Miquel van Smoorenburg <miquels at cistron.nl> wrote:
>
> On Tue, 17 Feb 2004 15:57:16, Miquel van Smoorenburg wrote:
> > For some reason, when using LVM, write requests get queued out
> > of order to the 3ware controller, which results in quite a bit
> > of seeking and thus performance loss.
> [..]
> > Okay I repeated some earlier tests, and I added some debug code in
> > several places.
> > 
> > I added logging to tw_scsi_queue() in the 3ware driver to log the
> > start sector and length of each request. It logs something like:
> > 3wdbg: id 119, lba = 0x2330bc33, num_sectors = 256
> > 
> > With a perl script, I can check if the requests are sent to the
> > host in order. That outputs something like this:
> > 
> > Consecutive: start 1180906348, length 7936 sec (3968 KB), requests: 31
> > Consecutive: start 1180906340, length 8 sec (4 KB), requests: 1
> > Consecutive: start 1180914292, length 7936 sec (3968 KB), requests: 31
> > Consecutive: start 1180914284, length 8 sec (4 KB), requests: 1
> > Consecutive: start 1180922236, length 7936 sec (3968 KB), requests: 31
> > Consecutive: start 1180922228, length 8 sec (4 KB), requests: 1
> > Consecutive: start 1180930180, length 7936 sec (3968 KB), requests: 31

3968 / 31 = 128 exactly.  I think when you say "requests: 31" you are
actually referring to a single request which has 31 128k BIOs in it, yes?

> > 
> > See, 31 requests in order, then one request "backwards", then 31 in order, etc.
> 
> I found out what causes this. It's get_request_wait().
> 
> When the request queue is full, and a new request needs to be created,
> __make_request() blocks in get_request_wait().
> 
> Another process wakes up first (pdflush / process submitting I/O itself /
> xfsdatad / etc) and sends the next bio's to __make_request().
> In the mean time some free requests have become available, and the bios
> are merged into a new request. Those requests are submitted to the device.
> 
> Then, get_request_wait() returns but the bio is not mergeable anymore -
> and that results in a backwards seek, severely limiting the I/O rate.
> 
> Wouldn't it be better to allow the request allocation and queue the
> request, and /then/ put the process to sleep ? The queue will grow larger
> than nr_requests, but it does that anyway.

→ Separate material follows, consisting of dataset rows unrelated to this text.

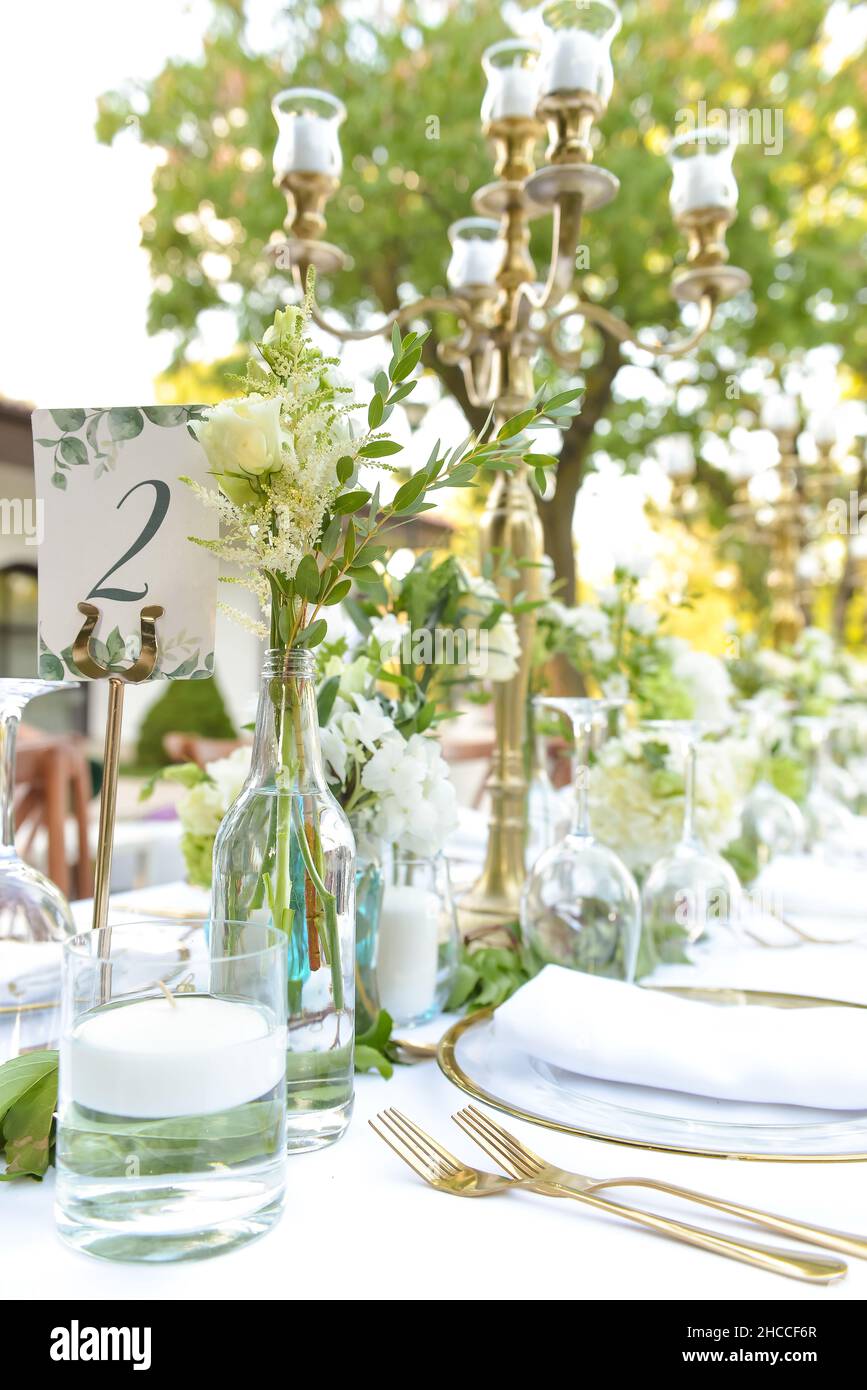 Una foto verticale di tavoli decorati con fiori e candele su una tovaglia bianca e un cartello con la scritta '2' pronto per un evento Foto Stock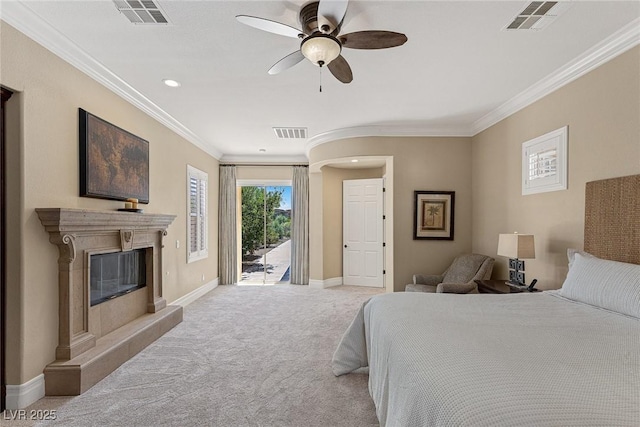 bedroom with ceiling fan, a high end fireplace, ornamental molding, light carpet, and access to outside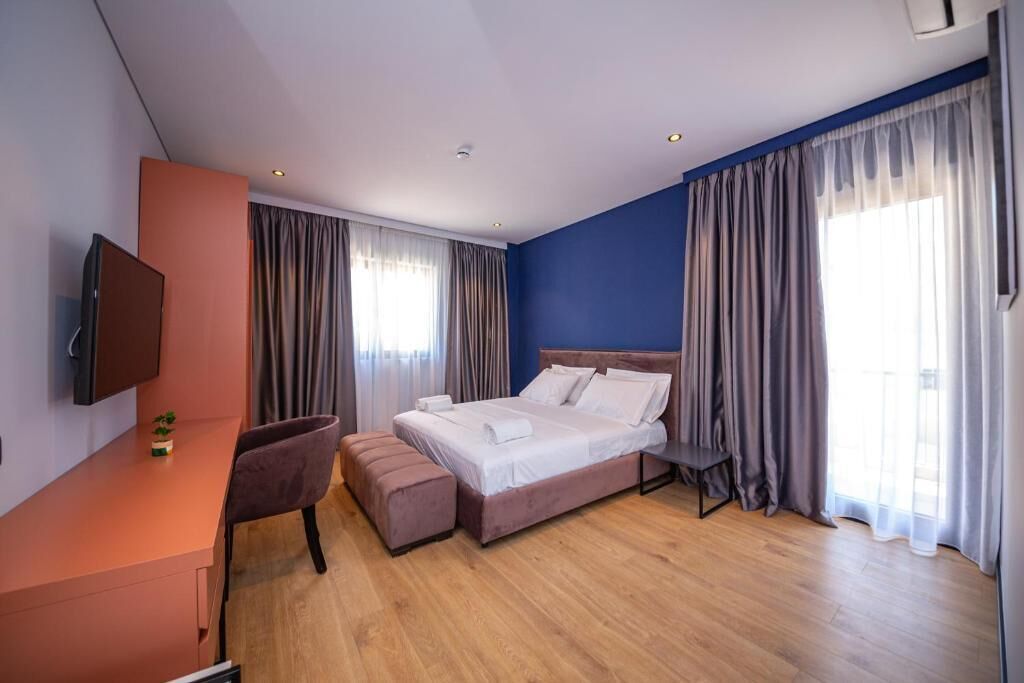 Ein modernes Hotelzimmer mit Bett, Schreibtisch und Fernseher.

That would help, but is a bit kludgy.

What _should_ have happened was:

a) The queue gets plugged

b) The maximal-sized 31-bio request is queued

c) The 4k request gets inserted *before* the 3968k request

d) The queue gets unplugged, and both requests stream smoothly.

(And this assumes that the queue was initially empty.  ALmost certainly
that was not the case).

So the question is, why did the little, later 4k request not get itself
inserted in front of the earlier, large 3968k request?

Are you using md as well?  If so, try removing the blk_run_queues()
statements from md_thread() and md_do_sync().  And generally hunt around
and try nuking blk_run_queues() statements from the device driver/md/dm
layer - they may well be wrong.

Is this problem specific to md?  Can it be reproduced on a boring-old-disk?

Does elevator=deadline change anything?